All’interno delle Scritture Francesco privilegia il riferimento al Nuovo Testamento e in particolare ai vangeli. Anzi, al Vangelo, che egli nomina rigorosamente sempre e solo al singolare. Perché nei differenti vangeli è sempre lo stesso Cristo che parla. E che parla oggi, qui e ora. Frequente è l’espressione sicut dicit Dominus seguita da una citazione evangelica (FF 13; 33), oppure dicit Dominus in evangeli (FF 8; 19; 44) o, semplicemente, dicit Dominus (FF 42; 56). Francesco non usa il verbo al passato, perché nel Vangelo il Signore parla attualmente, parla a Francesco e ai suoi frati nel loro oggi. Le indicazioni per la missione rivolte un tempo da Gesù ai discepoli, per Francesco sono parole che riguardano i frati che partono per la missione «tra i saraceni»: «Dice il Signore: “Ecco, io vi mando come pecore in mezzo ai lupi. Siate dunque prudenti come serpenti e semplici come colombe” (Mt 10,16)» (FF 42). Nel Vangelo parla Cristo: il testo biblico, e particolarmente il Vangelo, è presenza di Cristo.

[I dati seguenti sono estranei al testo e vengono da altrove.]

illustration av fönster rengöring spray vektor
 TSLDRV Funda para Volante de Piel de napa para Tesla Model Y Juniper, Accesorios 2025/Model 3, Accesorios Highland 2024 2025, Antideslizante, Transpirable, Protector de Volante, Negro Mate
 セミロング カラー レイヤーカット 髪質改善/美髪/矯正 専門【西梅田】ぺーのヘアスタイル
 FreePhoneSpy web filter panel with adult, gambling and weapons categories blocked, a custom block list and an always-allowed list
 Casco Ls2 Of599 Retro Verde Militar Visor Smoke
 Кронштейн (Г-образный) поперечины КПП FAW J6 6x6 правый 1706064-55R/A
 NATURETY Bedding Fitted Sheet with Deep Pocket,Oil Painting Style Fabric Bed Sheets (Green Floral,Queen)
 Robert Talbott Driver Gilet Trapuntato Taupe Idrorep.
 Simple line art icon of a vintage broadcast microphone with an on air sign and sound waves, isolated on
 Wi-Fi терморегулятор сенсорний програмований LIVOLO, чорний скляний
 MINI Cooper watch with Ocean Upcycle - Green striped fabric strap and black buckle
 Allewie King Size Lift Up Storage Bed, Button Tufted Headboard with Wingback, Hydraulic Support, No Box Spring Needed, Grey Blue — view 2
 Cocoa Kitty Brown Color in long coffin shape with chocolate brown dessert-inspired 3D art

Emerge una concezione sacramentale della Scrittura per cui si deve «onorare nelle sue parole il Signore che le ha pronunciate» (FF 225). L’approccio di Francesco alla Scrittura non è intellettuale, non è mosso da interesse storico, ma coinvolto, partecipe, vitale, teso a dare forma all’esistenza cristiana. Tanto che possiamo vedere l’intera sua vita di radicalità cristiana come esegesi del Vangelo, anzi, la possiamo inquadrare tra la lettura iniziale dei Sinottici e la lettura finale del IV vangelo, quasi a indicare un percorso e un’evoluzione spirituale che porta Francesco a privilegiare il vangelo giovanneo. Tommaso da Celano narra l’episodio in cui Francesco, dopo aver ascoltato durante la Messa la lettura del brano evangelico presente nei Sinottici relativo al mandato della predicazione e all’invio dei discepoli in radicale povertà, ha chiesto spiegazioni del passo al sacerdote e quindi ha esclamato: «Questo voglio, questo chiedo, questo bramo di fare con tutto il cuore» (FF 356). Il testo è interessante anche per la sua dimensione simbolica: la parola di Dio è consegnata a Francesco dalla Chiesa, in una tradizione che nella liturgia trova il suo strumento privilegiato, e certamente la liturgia è stata il tramite fondamentale della conoscenza della Scrittura per Francesco.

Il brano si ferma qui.